(Input for this task Opens)
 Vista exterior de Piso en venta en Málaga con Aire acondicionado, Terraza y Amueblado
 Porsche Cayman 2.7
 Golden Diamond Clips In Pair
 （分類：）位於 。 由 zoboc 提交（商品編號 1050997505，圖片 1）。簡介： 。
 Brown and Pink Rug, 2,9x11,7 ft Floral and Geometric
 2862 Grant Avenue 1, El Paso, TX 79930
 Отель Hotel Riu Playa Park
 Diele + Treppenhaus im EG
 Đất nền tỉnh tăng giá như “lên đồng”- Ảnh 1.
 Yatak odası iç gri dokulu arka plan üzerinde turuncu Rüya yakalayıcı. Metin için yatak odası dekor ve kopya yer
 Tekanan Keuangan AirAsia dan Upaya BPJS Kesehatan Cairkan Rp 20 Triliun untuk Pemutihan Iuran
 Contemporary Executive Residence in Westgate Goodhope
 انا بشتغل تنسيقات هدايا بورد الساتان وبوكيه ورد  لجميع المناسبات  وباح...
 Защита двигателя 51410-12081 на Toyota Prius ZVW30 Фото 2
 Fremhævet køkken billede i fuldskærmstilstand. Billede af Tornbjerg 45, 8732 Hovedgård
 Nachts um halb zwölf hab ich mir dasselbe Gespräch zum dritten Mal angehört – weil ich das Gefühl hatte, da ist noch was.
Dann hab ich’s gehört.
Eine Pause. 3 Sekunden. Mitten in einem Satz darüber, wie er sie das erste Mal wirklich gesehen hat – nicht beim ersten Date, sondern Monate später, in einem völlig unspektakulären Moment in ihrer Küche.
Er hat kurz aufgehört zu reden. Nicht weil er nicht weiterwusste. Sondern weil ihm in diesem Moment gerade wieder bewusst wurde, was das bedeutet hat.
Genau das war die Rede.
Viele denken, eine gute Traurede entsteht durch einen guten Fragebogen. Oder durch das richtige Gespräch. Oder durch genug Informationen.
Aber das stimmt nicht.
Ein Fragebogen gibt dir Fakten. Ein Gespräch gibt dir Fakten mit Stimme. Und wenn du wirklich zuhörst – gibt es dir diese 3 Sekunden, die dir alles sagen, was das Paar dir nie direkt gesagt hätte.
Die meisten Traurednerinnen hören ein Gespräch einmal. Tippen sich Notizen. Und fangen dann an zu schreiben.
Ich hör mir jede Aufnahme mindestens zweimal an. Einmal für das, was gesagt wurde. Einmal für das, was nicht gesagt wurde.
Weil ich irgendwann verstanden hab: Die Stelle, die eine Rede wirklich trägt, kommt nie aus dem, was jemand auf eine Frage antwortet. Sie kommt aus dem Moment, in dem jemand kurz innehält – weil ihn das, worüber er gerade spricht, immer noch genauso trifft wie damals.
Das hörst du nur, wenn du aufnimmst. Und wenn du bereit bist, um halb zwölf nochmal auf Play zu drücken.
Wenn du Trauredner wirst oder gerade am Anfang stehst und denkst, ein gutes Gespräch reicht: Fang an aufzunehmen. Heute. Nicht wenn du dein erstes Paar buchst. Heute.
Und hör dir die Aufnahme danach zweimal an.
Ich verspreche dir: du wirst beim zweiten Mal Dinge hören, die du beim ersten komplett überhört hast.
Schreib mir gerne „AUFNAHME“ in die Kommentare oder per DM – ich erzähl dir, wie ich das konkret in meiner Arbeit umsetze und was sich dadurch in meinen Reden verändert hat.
(Input for this task Closes)
Please repeat each line from the one with "Ein Fragebogen gibt" through the last line of the data above, and add nothing.

Ein Fragebogen gibt dir Fakten. Ein Gespräch gibt dir Fakten mit Stimme. Und wenn du wirklich zuhörst – gibt es dir diese 3 Sekunden, die dir alles sagen, was das Paar dir nie direkt gesagt hätte.
Die meisten Traurednerinnen hören ein Gespräch einmal. Tippen sich Notizen. Und fangen dann an zu schreiben.
Ich hör mir jede Aufnahme mindestens zweimal an. Einmal für das, was gesagt wurde. Einmal für das, was nicht gesagt wurde.
Weil ich irgendwann verstanden hab: Die Stelle, die eine Rede wirklich trägt, kommt nie aus dem, was jemand auf eine Frage antwortet. Sie kommt aus dem Moment, in dem jemand kurz innehält – weil ihn das, worüber er gerade spricht, immer noch genauso trifft wie damals.
Das hörst du nur, wenn du aufnimmst. Und wenn du bereit bist, um halb zwölf nochmal auf Play zu drücken.
Wenn du Trauredner wirst oder gerade am Anfang stehst und denkst, ein gutes Gespräch reicht: Fang an aufzunehmen. Heute. Nicht wenn du dein erstes Paar buchst. Heute.
Und hör dir die Aufnahme danach zweimal an.
Ich verspreche dir: du wirst beim zweiten Mal Dinge hören, die du beim ersten komplett überhört hast.
Schreib mir gerne „AUFNAHME“ in die Kommentare oder per DM – ich erzähl dir, wie ich das konkret in meiner Arbeit umsetze und was sich dadurch in meinen Reden verändert hat.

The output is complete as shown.